Hermanos míos, olvidemos la tierra y todo lo que contiene. La tierra nos aleja de la visión de la Trinidad inefable que los santos contemplan en el Espíritu Santo. Permanezcamos firmes en la oración limpia de toda imaginación y pidamos al Señor el espíritu de humildad.

El Señor es dulce y humilde de corazón; Él ama a sus criaturas. Donde está Dios está el amor universal, aún hacia los enemigos. Quienes no poseen este amor lo piden al Señor, que ha dicho: Pidan y se les dará, busquen y encontrarán... Y Él les dará ese amor.

Si el Señor viene al alma, esta no puede no reconocer a Aquel que la ha creado.

El Señor tiene compasión de todos. Y quiere que amemos de la misma forma a nuestros hermanos. Por eso: ama a los hombres hasta el punto de cargar sobre ti el peso de sus pecados.

Pronto moriré y mi alma perdida descenderá al infierno donde sufrirá sola y llorará amargamente. Mi alma desea al Señor y lo busca con lágrimas. ¿Cómo no buscarlo? ¡Él mismo me ha llamado primero y se me ha revelado, a mí, que soy un pecador!

Los santos ven y viven el infierno, pero el infierno no tiene poder sobre ellos.

Si el Señor ve que un alma no está todavía firme en la humildad, retira su gracia. En cuanto a ti, no te desalientes; la gracia está en ti, escondida. Habitúate a rechazar inmediatamente los malos pensamientos, y si has omitido hacerlo, haz el esfuerzo y toma este hábito.

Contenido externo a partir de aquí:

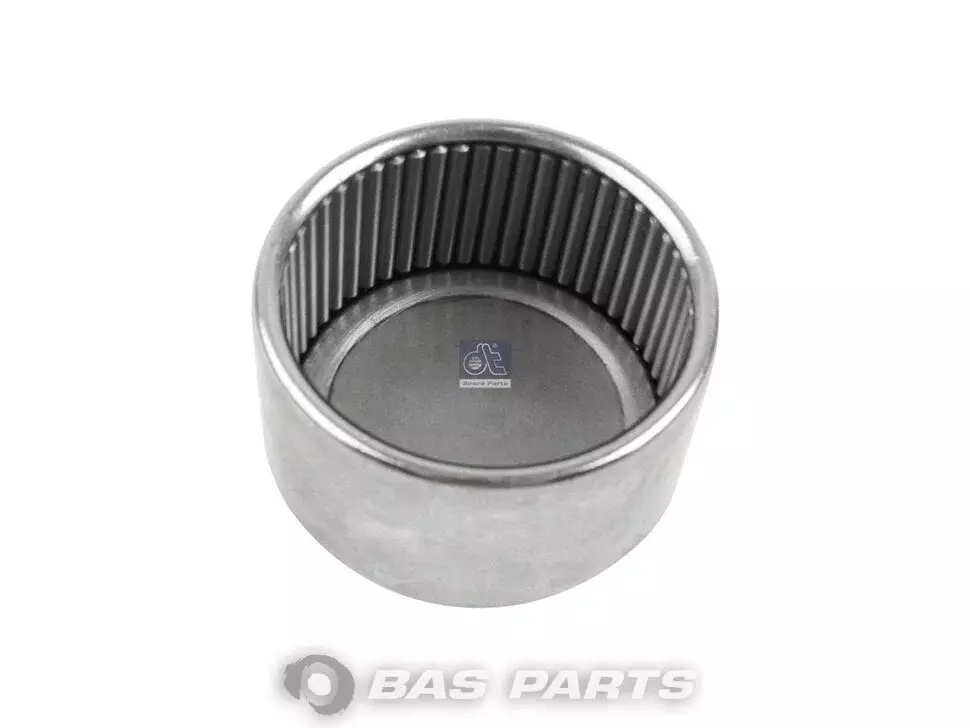 Rollenlager DT Spare Parts 02476812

Yo entré al monasterio poco después del servicio militar. Pero pronto me asaltaron las dudas y quise volver al mundo y casarme. Sin embargo me dije enérgicamente: es aquí que quiero morir a causa de mis pecados. Durante algún tiempo viví en la desesperación. Me parecía que Dios me había repudiado y que no había más salvación para mí. Me parecía que Dios no tenía piedad. Y estos pensamientos eran tan atormentadores que, aún hoy, no puedo recordar ese tiempo sin sentir espanto. El alma no tiene fuerza para soportarlo.

Adán, padre de la humanidad, había conocido la felicidad del amor de Dios en el Paraíso, y por eso sufrió amargamente cuando el pecado lo expulsó del Edén y le hizo perder el amor y la paz de Dios. Llenó el desierto con sus lamentos y el recuerdo de lo que había perdido atormentó su alma: ¡He ofendido al Señor amado!

Deseó de tal forma el Paraíso y su belleza, que sufrió por haber perdido el amor que atrae continuamente al alma hacia Dios... Toda alma que, después de haber conocido a Dios en el Espíritu Santo, ha perdido la gracia, vuelve a sentir el sufrimiento de Adán. Ella está enferma y triste por haber afligido al Señor amado.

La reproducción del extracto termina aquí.